The droplet diameter plays an important role in the collection of particles by a wet scrubber. Danzomo et al. [58] developed a model for the collection efficiency of particles in a counter-current scrubber at different droplet sizes of 500 µm, 1000 µm, 1500 µm and 2000 µm. For 5 µm and 10 µm particle sizes, the collection efficiencies were found to be 89.7% and 98.2% at 500 µm droplet diameter and for a liquid-to-gas ratio of 0.7 L m−3. As the droplet diameter increased to 2000 µm, the collection efficiency at 5 µm and 10 µm decreased to 43.9% and 58.8% respectively. Simin et al. [59] investigated the scrubbing of urea duct particles in a spray scrubber using CFD simulations.

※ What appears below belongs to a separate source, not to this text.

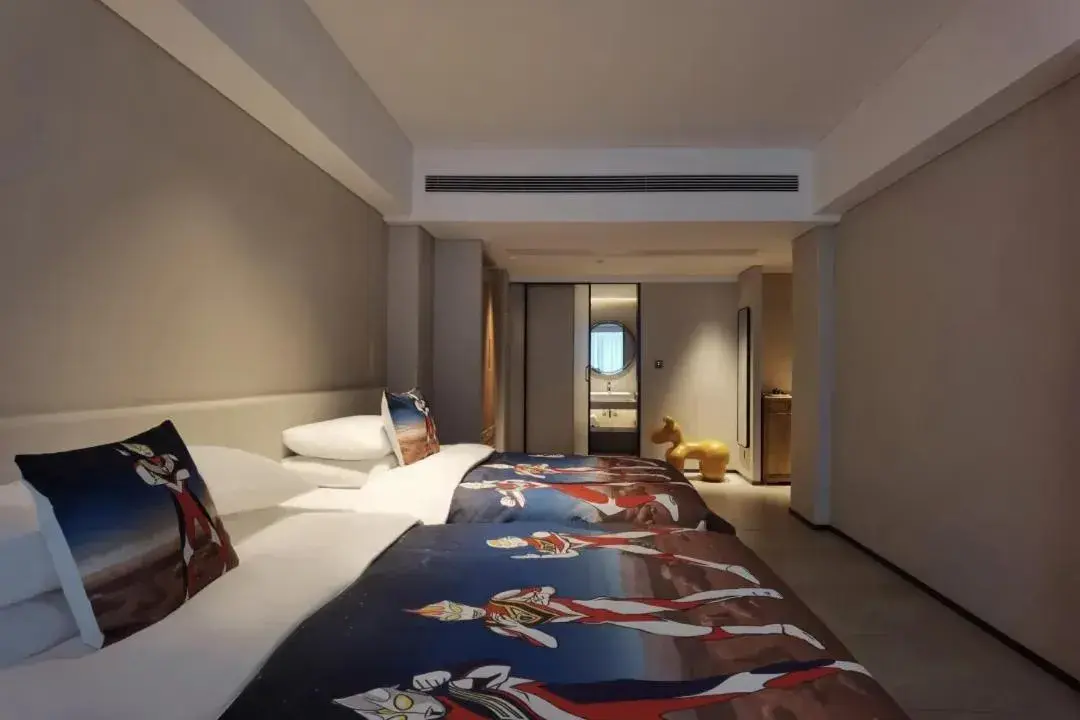 Twin Room in Phoenix Hall House Hotel Twin Room in Phoenix Hall House Hotel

As the droplet diameter increased from 200 to 1000 µm, the collection efficiency at particle size 40 µm decreased. Simin et al. [59] concluded that the droplet diameter is negatively correlated to the collection efficiency thus, the surface area for particle collection increases with decreasing droplet diameter. Rafidi et al. [60] developed a model to predict the removal of particles in a spray scrubber and compared the results with experiments from a full-scale spray scrubber in a coal-fired power plant. Rafidi et al. [60] reported that the collection efficiency increased as the droplets became smaller. The authors argued that smaller droplets have higher velocities, thus increasing relative velocities between the droplets and the particles, resulting in a higher Stokes number and hence higher collection efficiency by impaction. Claudia et al. [61] developed a mathematical model to evaluate particle capture efficiency in a wet electrostatic scrubber. The authors found that the model predicted a decrease in the capture efficiency for particle sizes 100 nm and 1 µm with an increase in droplet sizes. As droplet sizes increases, both the collisional efficiency and the droplet–particle contact probability are increased and an improvement of removal efficiency is obtained. Larger particles (5 µm) did not witness an increase in the capture efficiency even when the droplet diameters were smaller. Claudia et al. [61] concluded that the effect of a lower collisional efficiency competed with the increase of droplet–particle contact probability leading to lower capture efficiency.

Particle Diameter

Although not an operating parameter, the influence of the particle diameter has been investigated by several authors. The diameter of the particle in a flue gas is arguably the most important parameter in determining its collection by a wet scrubber [22, 59]. Lee et al. [47] evaluated the performance of a turbulent wet scrubber to effectively remove dust particles arising from a coal-powered thermal power plant. Lee et al. [47] disclosed that an increase in the fly ash particle diameter from 0.65 to 5.0 µm led to an increase in the removal efficiency from 43 to 100%. A similar tendency was observed in a venturi scrubber by Mi et al. [62], where the overall removal efficiency improved from 92.7 to 95.1% as the particle size increased from 10 to 45 µm. In a study involving a sieve-tray spray scrubber by Wu et al. [28], the dust collection efficiency improved from 14.8 to 99% as the particle size increased from 1 to 20 µm. In a spray scrubber, Keshavarz et al. [63] achieved a significant increase in the particle collection efficiency from 60% at a particle size of 0.5 µm to almost 90% at a particle size of 4.5 µm. A laboratory experiment to measure the collection efficiency of aerosol particles by water drops was studied by Pranesha and Kamra [64]. The authors reported that the collection efficiency increased with an increase in particle size. Pranesha and Kamra [64] also suggested that with an increase in particle diameter, the collection efficiency may attain an upper limit which may be less than one. Simin et al. [59] observed a similar tendency at a particle size of 10 µm with a maximum collection efficiency of 97% in spray scrubber. Another point to consider is that several authors [16, 40, 60, 64,65,66,67,68] have reported a tendency of the particle collection efficiency to increase with particle diameter, then dip in the intermediate region around 0.1–0.6 µm and then increase till it reaches 100% as the particle diameter increases. As particle diameter increases, the collection due to the impaction mechanism improves leading to the overall performance of the scrubber. Pilat et al. [65] confirmed this when they calculated the particle collection efficiencies of single droplets considering impaction, diffusion, diffusiophoresis and thermophoresis. The particle collection efficiency improved (30–88%) with increasing particle size (0.25–4 µm) predominantly due to the inertial impaction mechanism.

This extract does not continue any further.